Instructions to follow ▸ Reproduce exactly the line with "Lukuma tortīte ar kokosu un pistācijām" and the lines after it. Stop at the last line of the data and include nothing else.

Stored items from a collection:
━━━

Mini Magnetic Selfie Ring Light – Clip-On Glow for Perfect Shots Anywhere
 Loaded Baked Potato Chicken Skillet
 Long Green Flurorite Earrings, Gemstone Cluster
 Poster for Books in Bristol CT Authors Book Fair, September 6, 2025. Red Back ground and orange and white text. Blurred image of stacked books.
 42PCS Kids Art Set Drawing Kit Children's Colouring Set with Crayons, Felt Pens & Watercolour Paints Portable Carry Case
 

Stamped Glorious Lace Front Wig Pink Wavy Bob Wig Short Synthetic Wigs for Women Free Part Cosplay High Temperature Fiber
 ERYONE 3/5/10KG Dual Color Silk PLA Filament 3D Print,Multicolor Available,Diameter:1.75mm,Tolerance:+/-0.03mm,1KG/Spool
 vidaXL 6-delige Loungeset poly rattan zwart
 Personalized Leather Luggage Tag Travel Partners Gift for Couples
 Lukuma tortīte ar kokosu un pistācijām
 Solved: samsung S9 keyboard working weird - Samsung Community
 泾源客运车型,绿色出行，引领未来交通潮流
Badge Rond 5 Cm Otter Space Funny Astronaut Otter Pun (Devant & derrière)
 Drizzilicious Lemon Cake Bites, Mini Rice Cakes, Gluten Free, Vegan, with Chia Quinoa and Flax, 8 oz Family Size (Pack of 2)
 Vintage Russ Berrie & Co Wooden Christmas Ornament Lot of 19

━━━

Result for this exercise ▸
 Lukuma tortīte ar kokosu un pistācijām
 Solved: samsung S9 keyboard working weird - Samsung Community
 泾源客运车型,绿色出行，引领未来交通潮流
Badge Rond 5 Cm Otter Space Funny Astronaut Otter Pun (Devant & derrière)
 Drizzilicious Lemon Cake Bites, Mini Rice Cakes, Gluten Free, Vegan, with Chia Quinoa and Flax, 8 oz Family Size (Pack of 2)
 Vintage Russ Berrie & Co Wooden Christmas Ornament Lot of 19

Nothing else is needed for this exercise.